Locating reliable sources of generalizable longitudinal data is an extremely important issue for business research. The aim of this paper was to empirically verify that crowdsourcing can be used to source longitudinal samples. Specifically, three studies assess reliability of the Amazon Mechanical Turk Marketplace (MTurk). All three studies demonstrate that MTurk is a reliable, inexpensive source for generalizable longitudinal data. Study 1 (n = 752) examines the two-month re-response rate (study 1, n = 752; 75%) of a US MTurk sample. Study 2 (n = 373) investigates the four- and eight-month re-response rate (56 and 38%, respectively) of a US immigrant sample. Study 3 examines the thirteen-month re-response rate (47%).

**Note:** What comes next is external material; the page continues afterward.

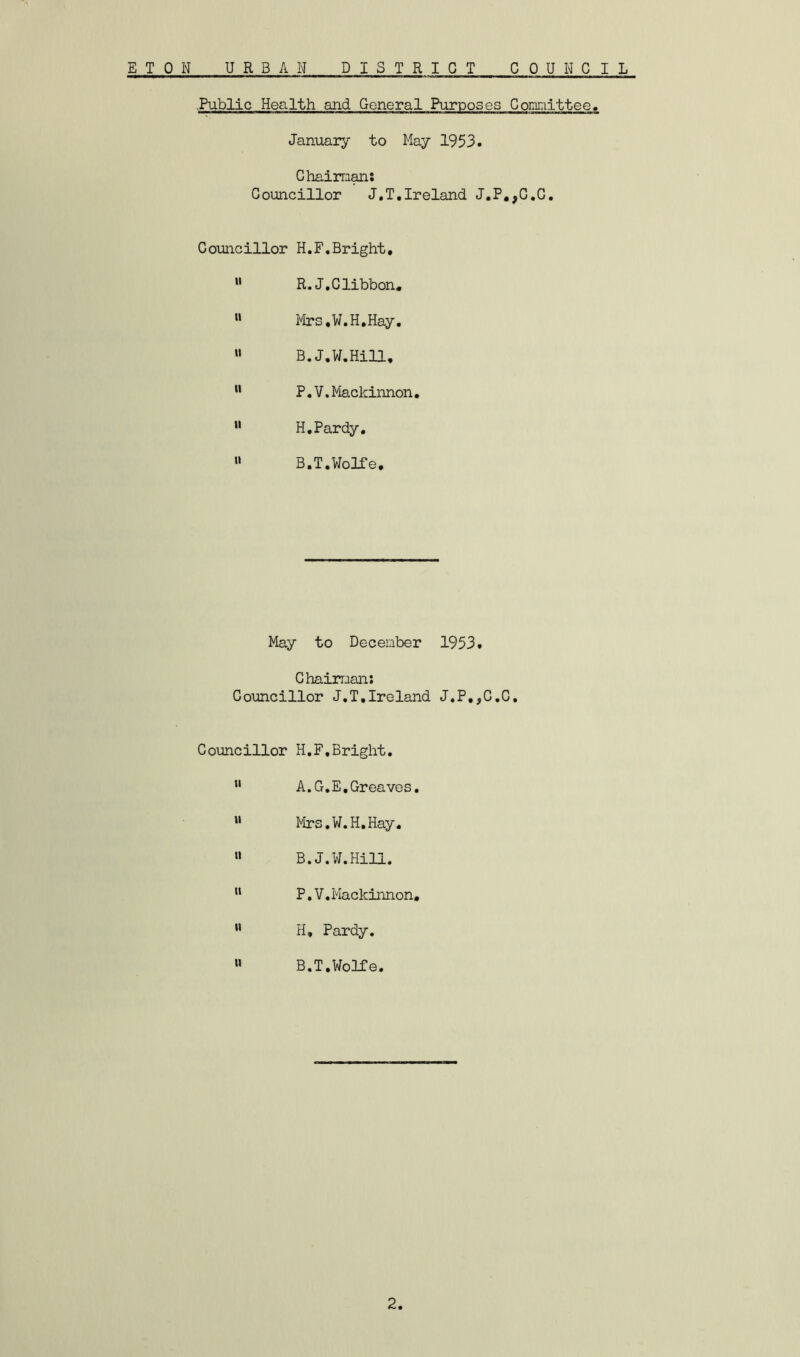 ■Public Health and General Purposes Gomnittee, January to May 1953. Ghaiman: Councillor J.T.Ireland J.P,,C.C. Councillor H.F,Bright, ” R.J.Clibbon, « Mrs.W.H.Hay. “ B.J.W.Hill, P.V.Mackinnon• « H.Pardy. » B.T.Wolfe, May to December 1953. Chairman: Councillor J.T,Ireland J,P,,C,C, Councillor H.F,Bright, A. G.E, Greaves, » Mrs.W.H.Hay. « B.J.W.Hill. “ P.V,Mackinnon, ** H, Pardy, »» B.T,Wolfe. 2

Each study demonstrates minimal non-response biases and longitudinal response consistency, in terms of both demographics and personality traits. This study also independently verifies the accuracy of self-report state of residence for 94% of the participants.

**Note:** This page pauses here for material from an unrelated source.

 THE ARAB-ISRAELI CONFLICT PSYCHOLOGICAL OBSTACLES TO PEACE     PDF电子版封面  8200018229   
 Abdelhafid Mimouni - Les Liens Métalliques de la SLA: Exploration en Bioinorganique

1. Swapping bricks for clicks: Crowdsourcing longitudinal data collection with Amazon Mechanical Turk
An opportunity for improving cross-sectional business research lies in the potential to further explore theories and issues with longitudinal research designs. Indeed, some theories and models inherently rely upon time-separated data from individuals. For example, brand loyalty and brand switching are vitally important to branding research, but are almost impossible to access without some type of temporally-separated design (e.g., Dawes, Meyer-Waarden, & Driesener, 2015). This type of research typically includes a true-panel design where the diagonal elements represent brand loyalty and the off-diagonal ones indicate extents of brand switching. Similarly, technology acceptance (e.g., Brown, Venkatesh, & Goyal, 2014; Venkatesh, Thong, & Xu, 2012), test–retest for scale development (see MacKenzie, Podsakoff, & Podsakoff, 2011), purchase intentionto-behavior relationships (e.g., Pavlou, Liang, & Xue, 2007), and pre- and post-communication campaign research (e.g., Johnston & Warkentin, 2010) are among other research topics that depend on multiple timepoints.

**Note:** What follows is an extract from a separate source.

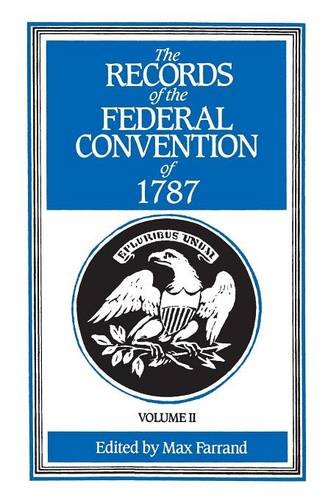 The Records of the Federal Convention of 1787: 1937 Revised Edition in Four Volumes, Volume 2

Longitudinal studies (true-panel designs in particular) in business research are strongly needed. Indeed, a deeper understanding of branding contexts, consumption over time, investment behaviors over time, organizational behaviors over time, and assessing temporal efficacy of programs would benefit from longitudinal research. Unfortunately, the commonly used captive student samples and commercial research panels (now mostly online) have major disadvantages; external validity concerns with the former and cost concerns with the latter. In contrast, MTurk can be used to access longitudinal data that is reliable, valid, consistent, and inexpensive without relying on student samples. The studies here provide preliminary but meaningful testimony to this generalization.